Fortunately, the stuff in contest math is much simpler than that.  
It is mostly ignored in high school curriculum, we seem to like to do a lot of
algebra and calculus.  However, do not less this fool you, number theory is not
nearly as ``advanced" as those subjects.  At the core, number theory is very
simple.  In fact, most of the time, the problems can be stated in very simple
terms and at the same time, the tools we have are much more limited than in 
other subjects.  This is good news and bad news.  Good news is it doesn't take
long to learn the tools.  Bad news is it requires much trickiness.  

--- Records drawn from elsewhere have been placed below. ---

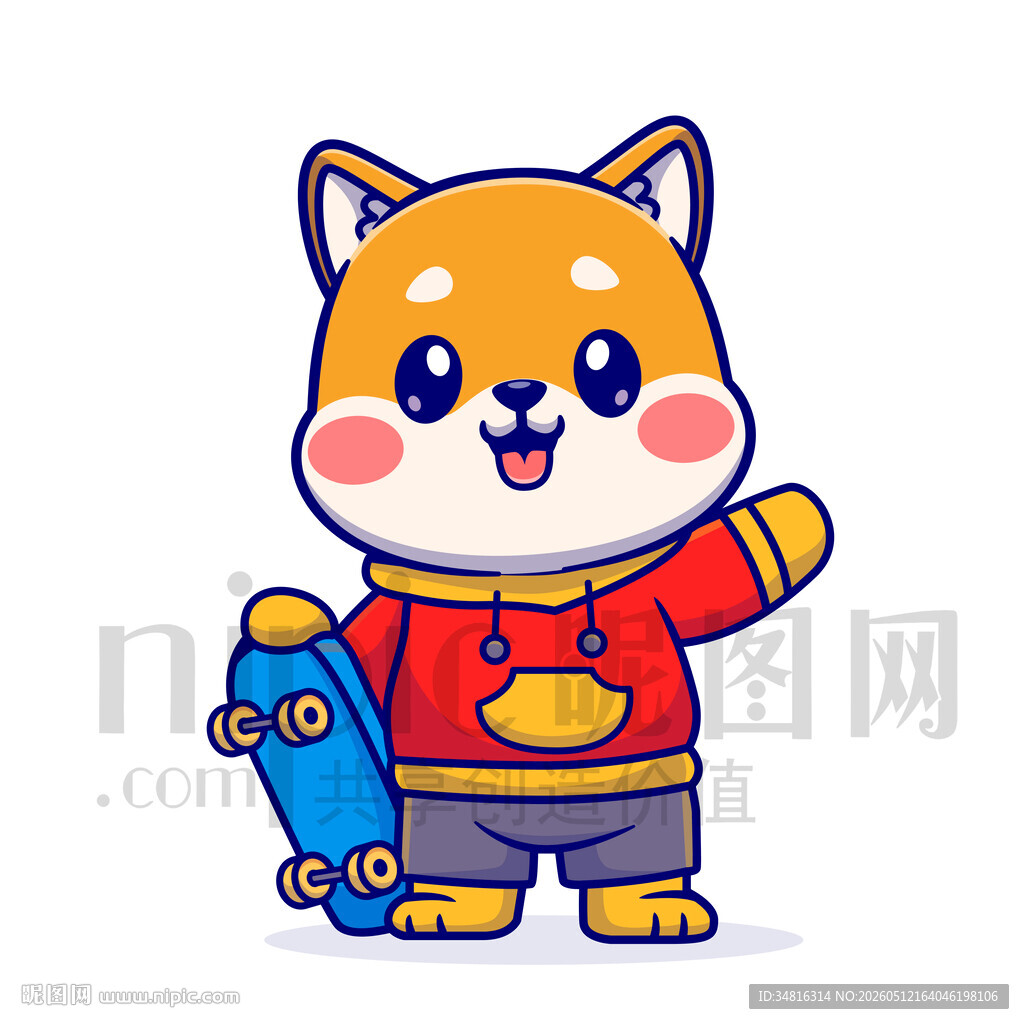 可爱柴犬持滑板打招呼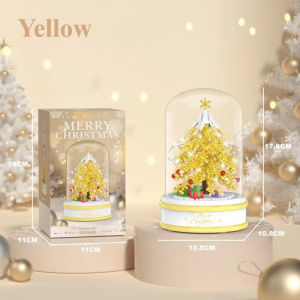Christmas Tree Music Box With Light DIY Building Blocks Assembly Xmas Creative Desktop Ornament Gift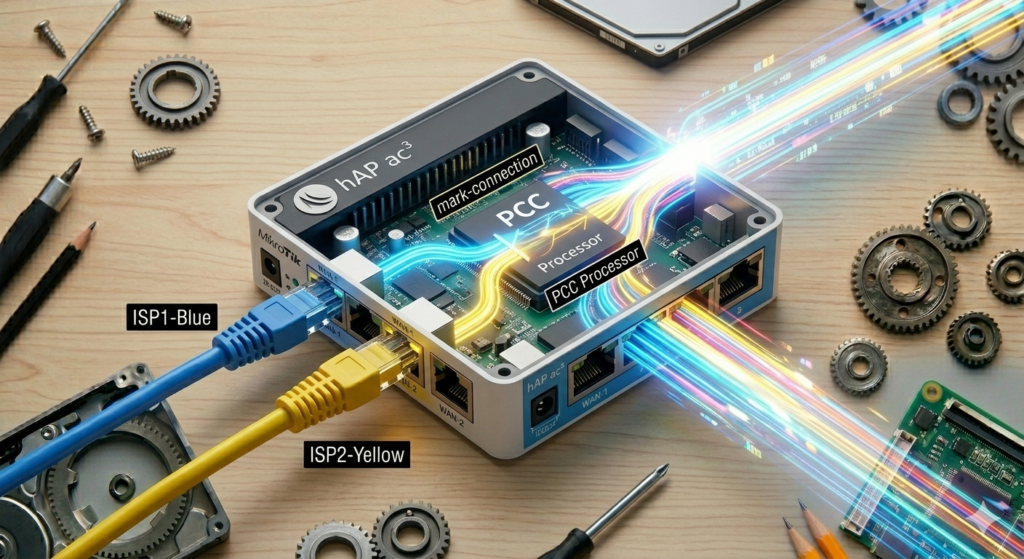 mikrotik dual wan pcc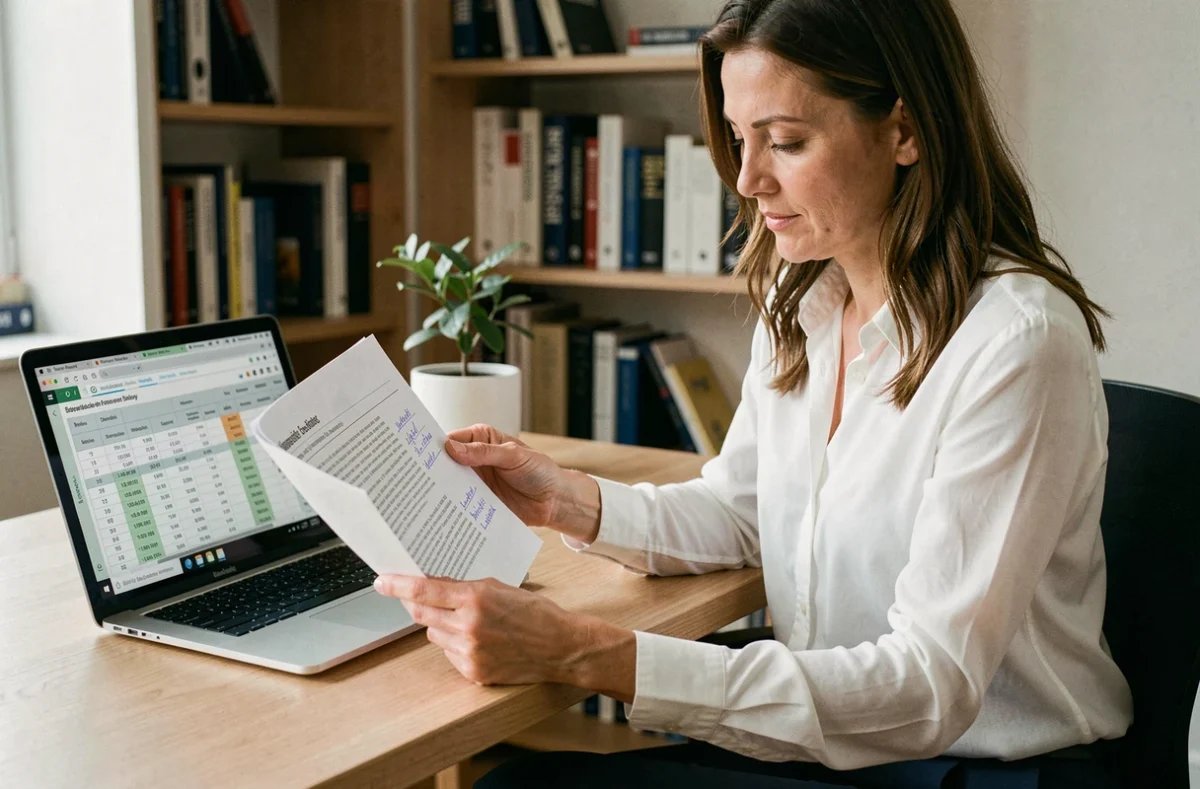 Femme d'affaires étudiant un prospectus d'investissement avec des annotations dans un bureau calme, symbolisant l'analyse de la structure actionnariale d'OpenAI et de ChatGPT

\par Now that the little introductory blurb is done.  Let us go over some common
notation.  

\section{Notation}

\begin{enumerate}

\item $\mathbb{N}, \mathbb{Z}, \mathbb{Z}_p, \mathbb{Z}/p\mathbb{Z}, \mathbb{Q}, 
\mathbb{Q'}, \mathbb{R}$, and $\mathbb{C}$  We will take these to be the natural
numbers, integers, p-adic integers, integers in mod p, rational numbers, irrational
numbers, reals, and complex numbers respectively.  Don't worry about the p-adic 
numbers if you don't know what those are, that was just thrown in to warn some people
of the real standard notations.

\item The above things are all systems or playgrounds.  They are where we are working.
Most of the time, in math class without even knowing it, we make the assumption we are
working in the reals.  Sometimes, we venture into the complex numbers.  For example, 
what if I asked two simple questions: 

\begin{itemize}

\item Solve for $x$: $x^2 = 1$ Well the answer is, it depends.  What if I told you that
$3$ is a solution?  What if I told you, that indeed there are $4$ solutions: $x = 1, 3, 5, 7$?
You would think I was crazy until you realized that I was working in mod $8$.  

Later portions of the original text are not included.